Caso verbali, i giudici: Davigo violò le regole e gettò «una sinistra luce» su Milano

Con la richiesta di otto mesi di carcere senza condizionale per i pm Fabio De Pasquale e Sergio Spadaro, per rifiuto di atti di ufficio da parte della procura di Brescia, si sta ormai chiudendo il cerchio, in modo non positivo, sulla storia di quel rito ambrosiano che fu sul trono degli anni Novanta e è ormai sempre più nella polvere.

È la maledizione del “caso Eni”, che doveva essere la gemma più fulgida di quella storia, che è durata quasi trent’anni, per la procura più famosa d’Italia che diete i natali al poliziotto in toga più amato e venerato, e che invece ha portato solo sciagure. Le ha portate a Piercamillo Davigo, il giocoliere del “risolvo problemi”, le cui astuzie furono scambiate per sottili capacità giuridiche, oggi condannato già in appello a un anno e tre mesi di carcere per rivelazione di atti d’ufficio per la divulgazione di verbali legati proprio alla saga dell’Eni.

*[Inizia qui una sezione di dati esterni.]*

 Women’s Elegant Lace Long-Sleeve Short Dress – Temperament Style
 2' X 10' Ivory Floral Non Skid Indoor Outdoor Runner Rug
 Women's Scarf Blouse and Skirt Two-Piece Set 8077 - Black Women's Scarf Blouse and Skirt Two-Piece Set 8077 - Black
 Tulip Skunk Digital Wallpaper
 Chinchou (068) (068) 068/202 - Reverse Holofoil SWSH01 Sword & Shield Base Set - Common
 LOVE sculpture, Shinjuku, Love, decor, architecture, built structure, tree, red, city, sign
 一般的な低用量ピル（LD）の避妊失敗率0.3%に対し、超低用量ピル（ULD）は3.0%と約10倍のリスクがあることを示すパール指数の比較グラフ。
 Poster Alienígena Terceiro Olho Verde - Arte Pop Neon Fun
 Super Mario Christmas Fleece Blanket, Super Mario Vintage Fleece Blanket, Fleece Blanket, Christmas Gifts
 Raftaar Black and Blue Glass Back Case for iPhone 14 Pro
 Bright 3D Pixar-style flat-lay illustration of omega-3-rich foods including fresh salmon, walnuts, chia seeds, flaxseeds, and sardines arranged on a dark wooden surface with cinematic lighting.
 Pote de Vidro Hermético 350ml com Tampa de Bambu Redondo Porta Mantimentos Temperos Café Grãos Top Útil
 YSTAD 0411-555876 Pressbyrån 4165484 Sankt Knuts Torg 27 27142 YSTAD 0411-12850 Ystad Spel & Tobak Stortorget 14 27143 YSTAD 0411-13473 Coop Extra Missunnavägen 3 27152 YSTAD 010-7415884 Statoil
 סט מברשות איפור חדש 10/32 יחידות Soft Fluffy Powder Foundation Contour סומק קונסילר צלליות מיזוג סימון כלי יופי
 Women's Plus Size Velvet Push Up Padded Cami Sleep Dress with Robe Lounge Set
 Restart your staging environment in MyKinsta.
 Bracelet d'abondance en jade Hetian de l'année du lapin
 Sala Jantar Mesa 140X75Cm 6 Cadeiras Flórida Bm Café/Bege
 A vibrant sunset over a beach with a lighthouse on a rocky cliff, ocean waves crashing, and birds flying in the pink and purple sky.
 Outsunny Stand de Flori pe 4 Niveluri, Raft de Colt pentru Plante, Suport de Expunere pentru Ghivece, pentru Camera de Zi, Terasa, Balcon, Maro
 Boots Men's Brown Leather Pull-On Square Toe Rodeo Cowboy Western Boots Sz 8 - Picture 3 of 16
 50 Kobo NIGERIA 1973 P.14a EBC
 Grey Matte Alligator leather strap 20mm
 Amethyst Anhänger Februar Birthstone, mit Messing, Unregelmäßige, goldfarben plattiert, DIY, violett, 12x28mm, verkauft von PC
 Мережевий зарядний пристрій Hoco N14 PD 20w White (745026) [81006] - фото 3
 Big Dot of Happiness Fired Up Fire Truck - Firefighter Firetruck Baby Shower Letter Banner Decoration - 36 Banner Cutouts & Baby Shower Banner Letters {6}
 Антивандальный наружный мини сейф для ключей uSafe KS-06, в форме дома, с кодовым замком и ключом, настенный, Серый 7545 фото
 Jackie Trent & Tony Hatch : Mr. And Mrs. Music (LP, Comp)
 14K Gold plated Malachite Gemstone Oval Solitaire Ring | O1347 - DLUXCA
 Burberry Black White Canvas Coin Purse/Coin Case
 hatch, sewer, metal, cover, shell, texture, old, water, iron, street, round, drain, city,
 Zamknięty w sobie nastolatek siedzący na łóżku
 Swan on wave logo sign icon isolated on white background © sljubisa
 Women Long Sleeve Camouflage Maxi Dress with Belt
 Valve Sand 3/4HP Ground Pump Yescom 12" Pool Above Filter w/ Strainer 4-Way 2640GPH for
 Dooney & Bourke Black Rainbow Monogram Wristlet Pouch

Con la sua vicenda ormai vicina a una chiusura non proprio commendevole, aggiunta a qualche figuraccia quando non se ne voleva andare dal Csm mentre era in età pensionabile e perse tutti i ricorsi di tipo amministrativo, sparisce la visione moralistica della giustizia, la lotta del Bene contro il Male, la purificazione della società dei disonesti da parte del pool di Milano dagli anni Novanta in avanti. Il povero Davigo si è ritrovato a dover interpretare le parti peggiori attribuite agli imputati di allora, l’insofferenza per il circo mediatico-giudiziario, la presunzione di innocenza di coloro che l’avevano fatta franca, gli inutili ricorsi dopo il primo grado di giudizio e la, sempre sacrosanta, condanna.

[…]

Non va dimenticato il tentativo maldestro di costringere il presidente del tribunale Marco Tremolada a autosospendersi dal processo. La famosa polpetta avvelenata consisteva nel tentativo dei due pm di far ammettere una testimonianza che avrebbe definito lo stesso presidente come persona “avvicinabile”. E il fatto grave è che quella deposizione era stata comunque inviata dal procuratore capo Francesco Greco e dall’aggiunto Laura Pedio alla procura di Brescia. Che per fortuna aveva archiviato, continuando invece a procedere, fino al processo e alle richieste di condanna di questi giorni, nei confronti di De Pasquale e Spadaro per rifiuto di atti d’ufficio.

Questo è stato il clima del rito ambrosiano di questi anni. Una bella lezione ancora non del tutto studiata. Anche se il cerchio delle responsabilità sta cominciando a chiudersi.